**SOURCE INFORMATION:**

• • •

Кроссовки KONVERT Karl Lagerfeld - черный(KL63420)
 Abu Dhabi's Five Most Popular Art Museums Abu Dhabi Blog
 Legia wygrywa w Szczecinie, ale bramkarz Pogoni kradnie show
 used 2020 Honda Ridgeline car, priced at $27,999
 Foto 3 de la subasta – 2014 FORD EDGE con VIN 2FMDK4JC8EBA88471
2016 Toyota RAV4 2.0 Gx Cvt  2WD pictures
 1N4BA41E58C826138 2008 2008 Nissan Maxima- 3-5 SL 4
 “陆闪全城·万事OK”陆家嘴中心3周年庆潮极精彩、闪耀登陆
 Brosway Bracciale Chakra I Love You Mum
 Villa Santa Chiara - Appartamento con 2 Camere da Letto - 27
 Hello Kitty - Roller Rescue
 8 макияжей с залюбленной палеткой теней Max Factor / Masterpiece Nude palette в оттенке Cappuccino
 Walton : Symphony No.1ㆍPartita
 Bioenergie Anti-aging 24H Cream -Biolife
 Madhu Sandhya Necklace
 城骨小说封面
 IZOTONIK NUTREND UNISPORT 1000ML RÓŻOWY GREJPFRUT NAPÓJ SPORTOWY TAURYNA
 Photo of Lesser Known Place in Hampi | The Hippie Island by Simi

• • •

**EXERCISE DESCRIPTION:**
Restate word for word the entries above, starting at the line with "used 2020 Honda" and ending at the line with "IZOTONIK NUTREND UNISPORT", inclusive, and no others.

**FINISHED TASK:**
 used 2020 Honda Ridgeline car, priced at $27,999
 Foto 3 de la subasta – 2014 FORD EDGE con VIN 2FMDK4JC8EBA88471
2016 Toyota RAV4 2.0 Gx Cvt  2WD pictures
 1N4BA41E58C826138 2008 2008 Nissan Maxima- 3-5 SL 4
 “陆闪全城·万事OK”陆家嘴中心3周年庆潮极精彩、闪耀登陆
 Brosway Bracciale Chakra I Love You Mum
 Villa Santa Chiara - Appartamento con 2 Camere da Letto - 27
 Hello Kitty - Roller Rescue
 8 макияжей с залюбленной палеткой теней Max Factor / Masterpiece Nude palette в оттенке Cappuccino
 Walton : Symphony No.1ㆍPartita
 Bioenergie Anti-aging 24H Cream -Biolife
 Madhu Sandhya Necklace
 城骨小说封面
 IZOTONIK NUTREND UNISPORT 1000ML RÓŻOWY GREJPFRUT NAPÓJ SPORTOWY TAURYNA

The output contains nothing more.